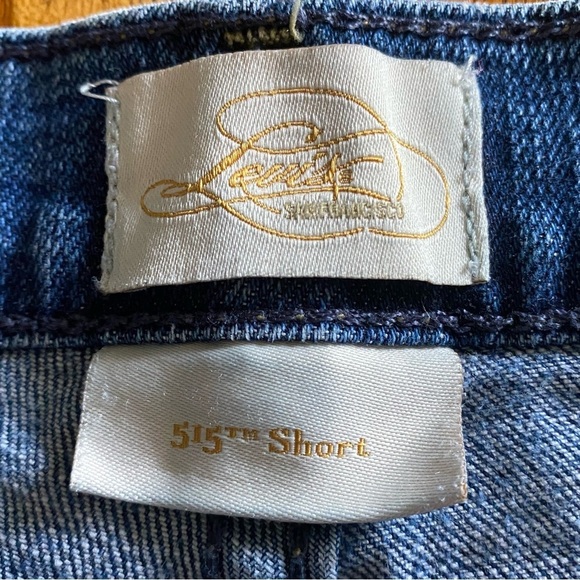 Levi's 515 Women's size 12 Classic Blue denim Jean Shorts - Picture 5 of 7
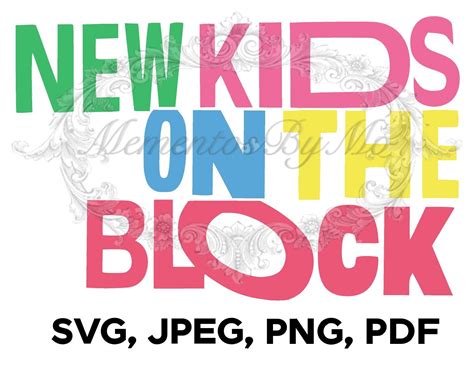 Nkotb New Kids On The Block Digital File Download Jpeg Png Etsy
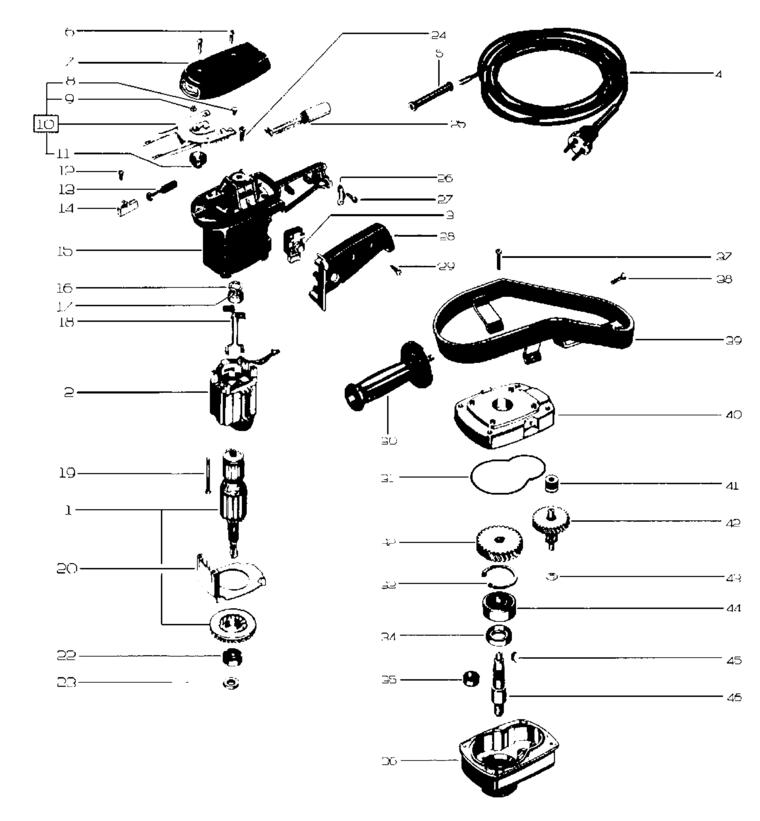 Festool RW 3 E 220V / 570423 Spare Parts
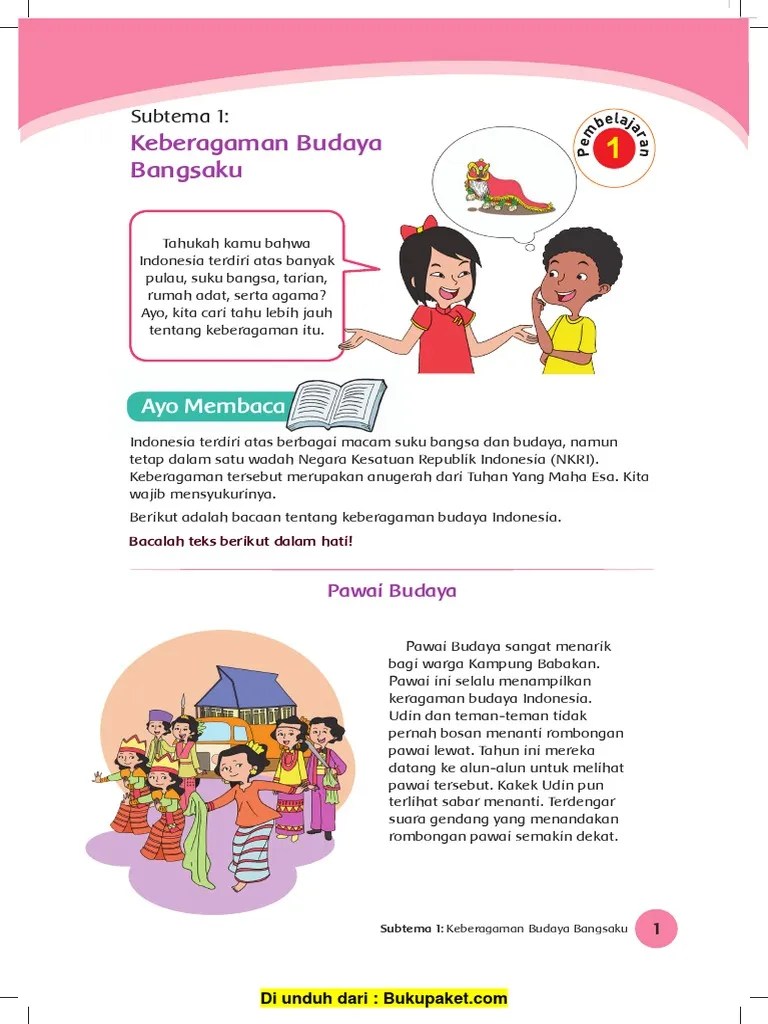 Carilah Sebuah Teks Tentang Keragaman Budaya Di Indonesia Terkait Teks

__________________________________________________

### EXERCISE INSTRUCTIONS
Leave the pictures out and reproduce exactly the lines from the line with "Nkotb New Kids" to the end of the material above.

### TASK RESPONSE
 Nkotb New Kids On The Block Digital File Download Jpeg Png Etsy
 Festool RW 3 E 220V / 570423 Spare Parts
 Carilah Sebuah Teks Tentang Keragaman Budaya Di Indonesia Terkait Teks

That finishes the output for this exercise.